*Exercise*
The listing below is to be given again in full and word for word, without its images.

*Source material*
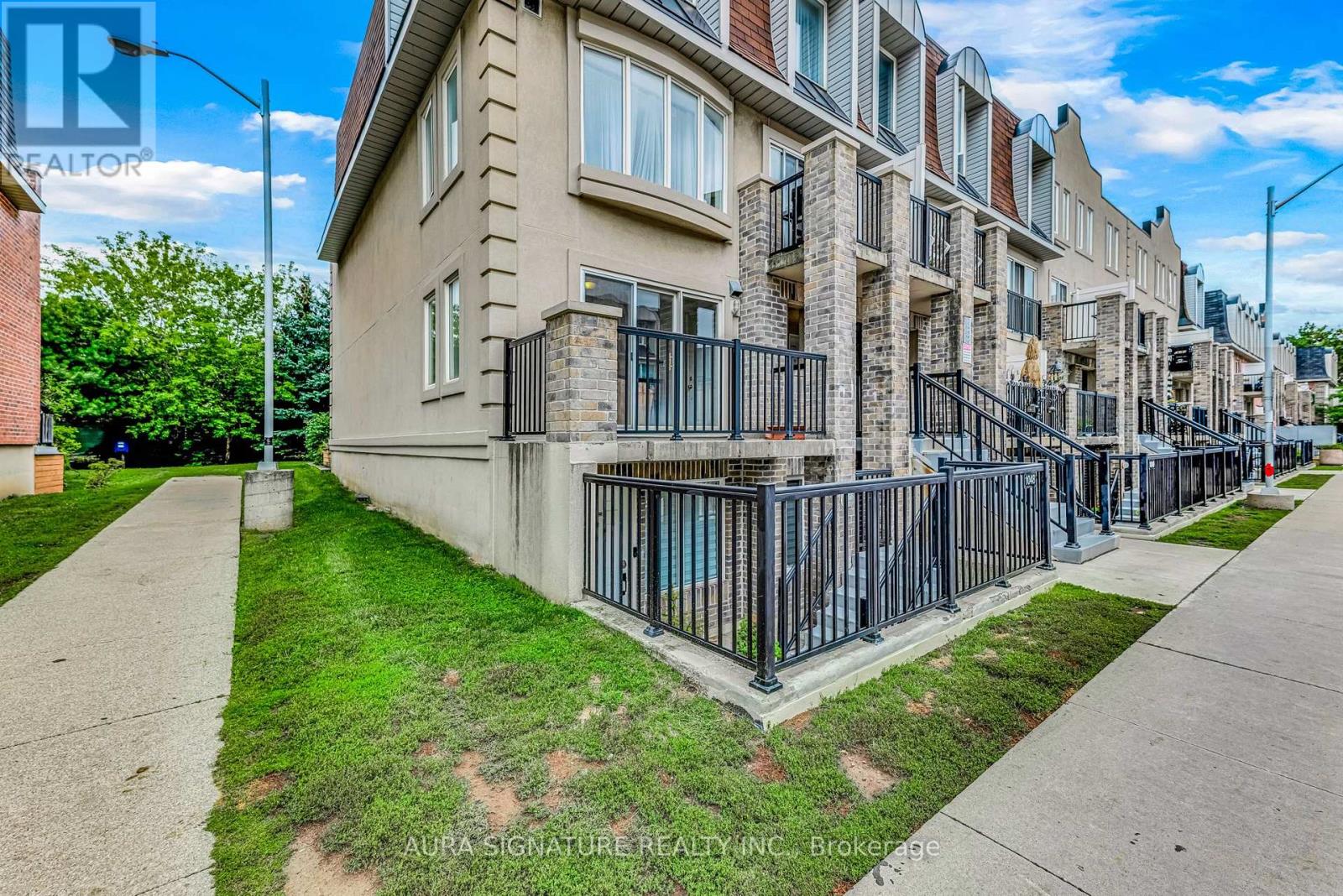 2142 - 105 George Appleton Way N Property Photo 4
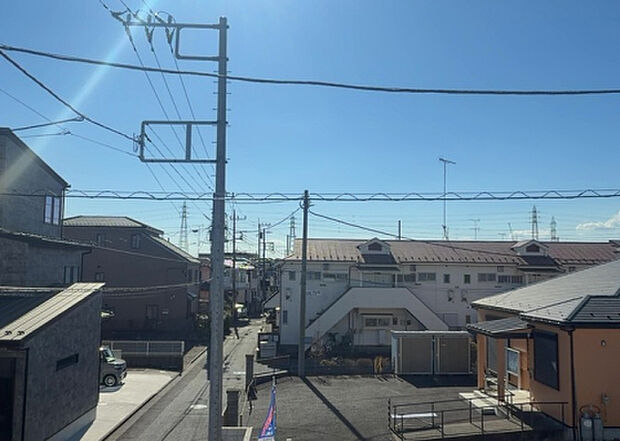 【物件からの展望】眺望を気にして物件を探す場合、前面に建物が建っていないか現地で確認しましょう！前面に建物があると景色はもちろん、日当たりや風通しにも影響が出てきます。住んだ時のことを想像しながら現地見学をしましょう。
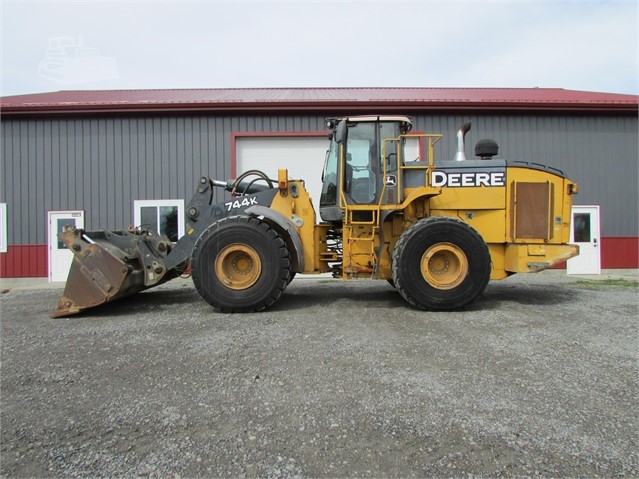 Cargadoras Sobre Ruedas Deere 744K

*Answer area*
 2142 - 105 George Appleton Way N Property Photo 4
 【物件からの展望】眺望を気にして物件を探す場合、前面に建物が建っていないか現地で確認しましょう！前面に建物があると景色はもちろん、日当たりや風通しにも影響が出てきます。住んだ時のことを想像しながら現地見学をしましょう。
 Cargadoras Sobre Ruedas Deere 744K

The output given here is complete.